The new version wil include the output formats that lacks in RosAsm. So, one can output the numbers in a wide range of formats as needed.

The goal is create a general usage function and use it as an export on a dll. And also, add this function as an extension to a FormatString i created for RosAsm (A variation of ws_printf). I´m quite done. Just need to review the code, clean and create the routines to handle non-scientific outputs, such as 0.000121234, 12344.5645 etc etc

daydreamer · May 26, 2025, 03:41:55 PM

dont forget to also include the common usage of SSE/SSE2 denormal and such,which is high probability fp code is run with SSE/SSE2 instead,even if you dont write SSE/SSE2 code yourself,invoking math function from a library might be coded in SSE/SSE2

I am curious if it works on all OSes used today :win7,win8,win10,win11 with unicode in a gui control,or functionality on earliest win7 lack unicode caps ?

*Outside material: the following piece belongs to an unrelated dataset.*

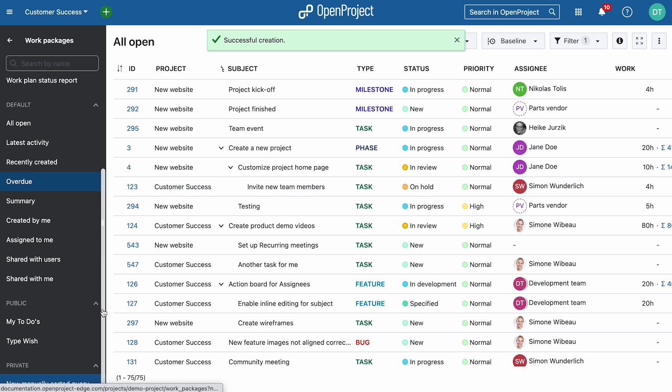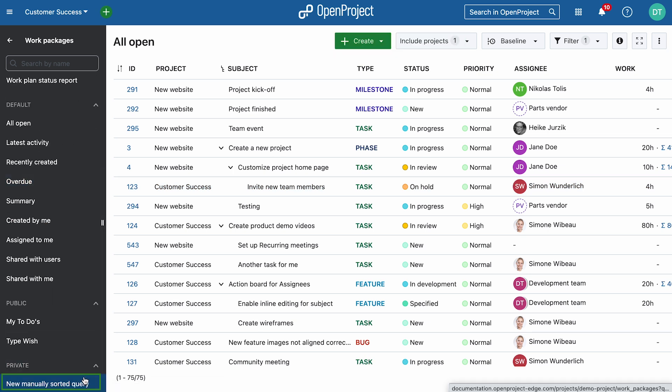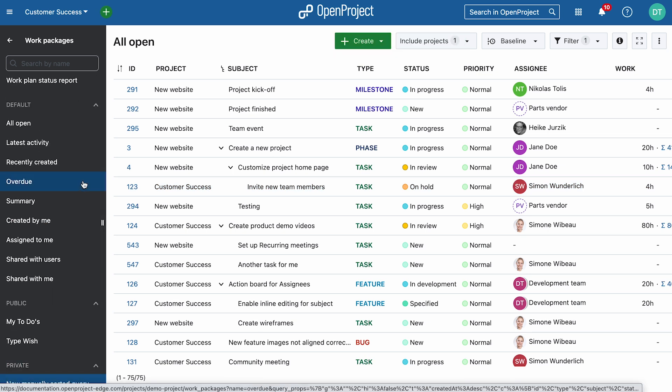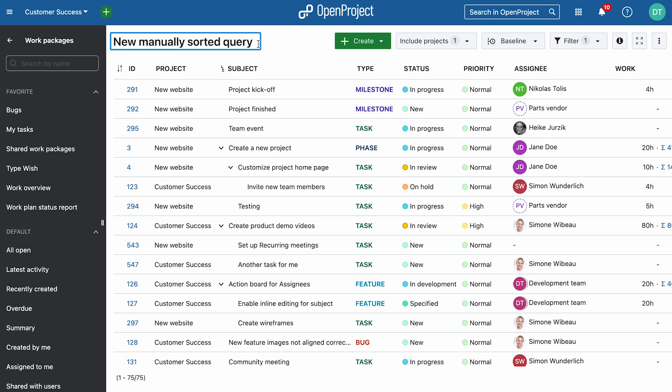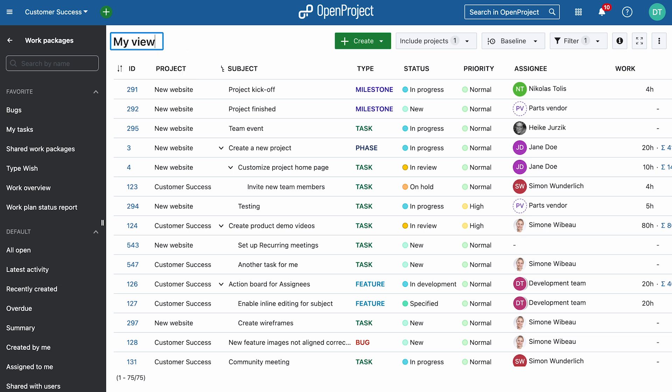See New Manually Sorted Query on the left? Click it. Rename your query to keep things clear.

guga · May 26, 2025, 10:37:49 PM

Quote from: daydreamer on May 26, 2025, 03:41:55 PMdont forget to also include the common usage of SSE/SSE2 denormal and such,which is high probability fp code is run with SSE/SSE2 instead,even if you dont write SSE/SSE2 code yourself,invoking math function from a library might be coded in SSE/SSE2

I am curious if it works on all OSes used today :win7,win8,win10,win11 with unicode in a gui control,or functionality on earliest win7 lack unicode caps ?

Hi Daydreamer

SSE/SSE2 denormal i´m using specific for a pow, log and exp functions. For FPU it´s not necessary, since i´m focusing in precision as well and FPU grant´s that when dealing with 80 bits. The helper functions i created that uses SSE inside the FPUtoString are for the BCD conversion, dwtoAscii conversion and to copy the error messages to the output.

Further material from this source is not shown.